The Conservation Council claims the Hawaii fishery has killed nearly twice the number of turtles through 2017-2019 than its limits should allow for.

The plaintiffs claim they and the endangered creatures have been injured by at least four years of delays by the fisheries service since they first notified the federal agency about their concerns, not just for the whitetip shark, but for all the species.

Ibanez Amador noted the consultation process is meant to be completed within months. The plaintiffs claim the agency has attempted to dodge completing the consultations since 2019 by changing its expected completion dates nine times.

“Once they complete that assessment, then they issue the biological opinion, which contains the biological analysis they did on the species, as well as the incidental take statement and any other measures they included to protect the species," Ibanez Amador said. "Once they have a biological opinion, that’s what dictates the take limits and if it gets exceeded again they have to reinitiate consultation again.”

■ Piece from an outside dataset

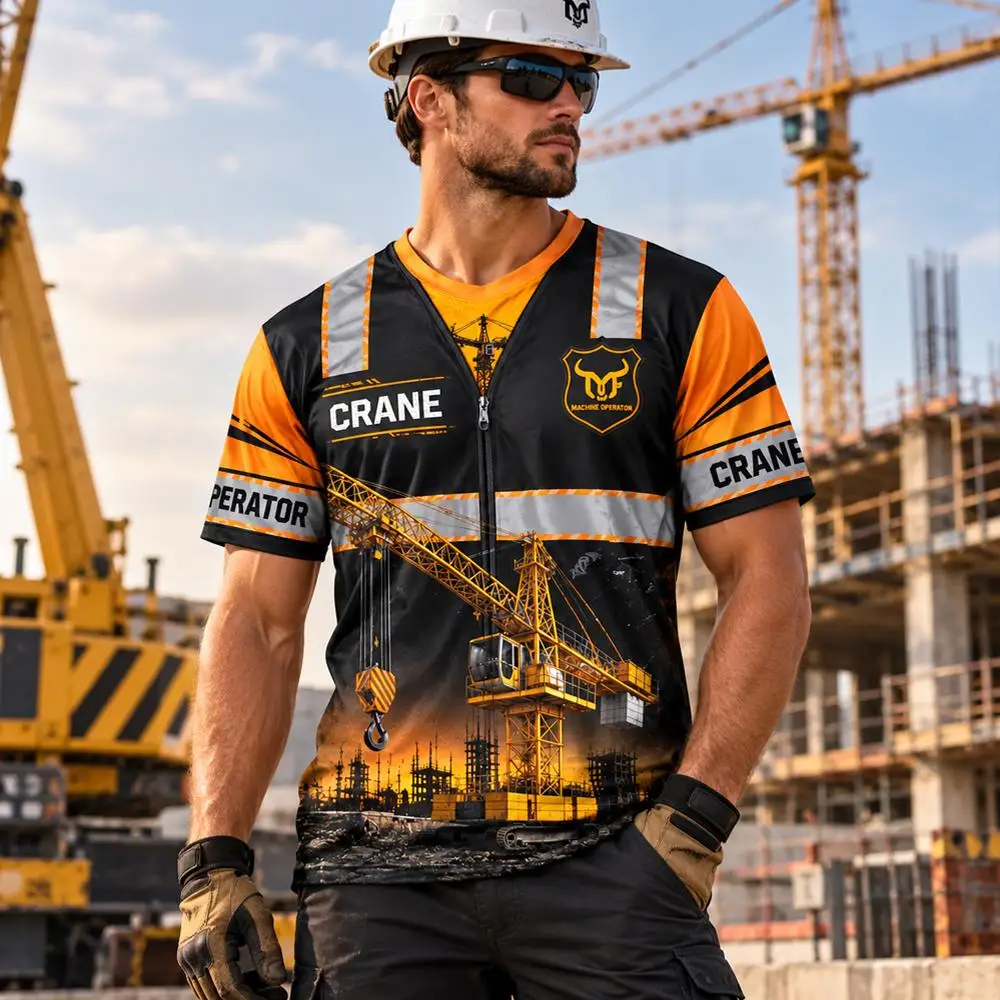 Crane Operator Work 3D Print T Shirt Construction Worker Graphic Print Short Sleeve Tee Heavy Equipment Operator Crewneck Top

The fisheries still operate on outdated consultations and biological opinions completed in 2017 for the Hawaii fishery and in 2015 for the American Samoa fishery.

Each of these species are a key element to the health of the ocean ecosystem at large. The Conservation Council worries continued abuse of these species will adversely affect their habitat to unfixable levels, as the species are at particular risk for extinction. Aside from environmental concerns, sea turtles, sharks, and whales all occupy important spaces in Native Hawaiian cultural and spiritual practices.

Other defendants include the National Oceanic and Atmospheric Administration and Department of Commerce Secretary Gina Raimondo. The fisheries service said via email that they are unable to comment on matters of litigation.

The plaintiffs want a judge to order the agency to complete the required consultations and publish the final biological reports within 90 days, and to declare the fisheries service has violated the Endangered Species Act.